Role of the Gut Microbiome in Uremia: A Potential Therapeutic Target

Abstract

Also known as the "second human genome," the gut microbiome plays important roles in both the maintenance of health and the pathogenesis of disease. The symbiotic relationship between host and microbiome is disturbed due to the proliferation of dysbiotic bacteria in patients with chronic kidney disease (CKD). Fermentation of protein and amino acids by gut bacteria generates excess amounts of potentially toxic compounds such as ammonia, amines, thiols, phenols, and indoles, but the generation of short-chain fatty acids is reduced. Impaired intestinal barrier function in patients with CKD permits translocation of gut-derived uremic toxins into the systemic circulation, contributing to the progression of CKD, cardiovascular disease, insulin resistance, and protein-energy wasting. The field of microbiome research is still nascent, but is evolving rapidly. Establishing symbiosis to treat uremic syndrome is a novel concept, but if proved effective, it will have a significant impact on the management of patients with CKD.

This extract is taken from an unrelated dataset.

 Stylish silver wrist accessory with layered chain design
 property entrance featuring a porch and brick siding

Keywords: Gut microbiome; amine; ammonia; chronic kidney disease (CKD); end-stage renal disease (ESRD); indole; metabolome; microbial metabolite; p-cresyl sulfate (PCS); phenol; review; thiol; urea; uremic syndrome; uremic toxin.

Figure 1

Schematic representation of the association between uremia, dysbiotic gut microbiome, gut-derived uremic toxins, and the clinical manifestations of these uremic toxins.

Figure 2

Schematic showing some of the major toxic metabolites originating from synthesis by dysbiotic gut microbiome and potential pathways linking their accumulations to pathophysiological consequences in CKD, including in ESRD. Increased intestinal concentration of uremic toxins associated with the progression of CKD leads to microbial dysbiosis. p-Cresol, produced by the intestinal microbiota from the amino acid tyrosine, inhibits colonocyte respiration and proliferation, and at higher concentrations, increases DNA damage and becomes genotoxic towards colonocytes. Overgrowth of pathogenic bacteria, the loss of barrier integrity, and the breach in the epithelia barrier lead to endotoxemia. Circulating endotoxin, also referred to as lipopolysaccharide (LPS), activates production of inflammatory cytokines. Endotoxin translocation from the gut has been suggested as one of the causes of inflammation in CKD.^, Amongst the most studied uremic toxins are phospholipid metabolites and bacterial products of choline degradation, such as TMAO, which has been associated with CVD. TMAO causes alteration of cholesterol and sterol metabolism, promotes foam cell formation by increasing expression of scavenger receptors on macrophages, and leads to alternations in bile acid metabolism and sterol transporters both within the liver and intestine. Other uremic toxins include cometabolites of phenols (eg, PCS), and indoles (eg, IS), which have been associated with progression of CKD, CVD, and mortality in hemodialysis patients. Accumulation of PCS in human tubular cells leads to Nox4-dependent ROS generation via upregulation of Nox4 and p22phox, which subsequently enhance the expression of inflammatory cytokines and profibrotic factors, resulting in cell injury. Activation of PI3-K and PKC mediate the stimulatory effect of PCS on Nox4 and NADPH oxidase. IS induces nephrotoxicity via organic anion transporter–mediated uptake in the basolateral membrane of renal proximal tubular cells, where it activates NF-κB and plasminogen activator inhibitor type 1 expression. ROS, reactive oxygen species

Figure 3

Schematic illustration of amino acid, ammonia (NH₃), and urea flux between the gastrointestinal tract and liver. Urea is produced via the urea cycle in the liver from dietary amino acids and by their catabolism in peripheral tissues. Urea is then excreted into the gastrointestinal system and into the urine. Within the intestinal tract, gut bacteria, particularly coliforms and anaerobes in the colon and cecum, convert dietary amino acids and urea into ammonia and CO₂, using microbial urease. Some of this ammonia is, in turn, converted to ammonium hydroxide which raises the luminal fluid’s pH before being excreted in feces. The remaining ammonia is absorbed into the portal circulation and converted back to urea via the urea cycle in the liver. Of the total ammonia produced, the majority enters the urea cycle, with the remaining smaller proportions being metabolized by peripheral tissues.

Figure 4

The cause-consequence relationship between gut dysbiosis and CKD. Human genome affects gut microbiome, and together, in presence of a specific dysbiotic microbiome or absence of protective microbiome, they can increases the susceptibility to kidney disease when exposed to insult. Subsequent maladaptive changes of microbiome in response to uremic state, and in association with traditional risk factors, lead to further increased generation of uremic toxins and disease progression.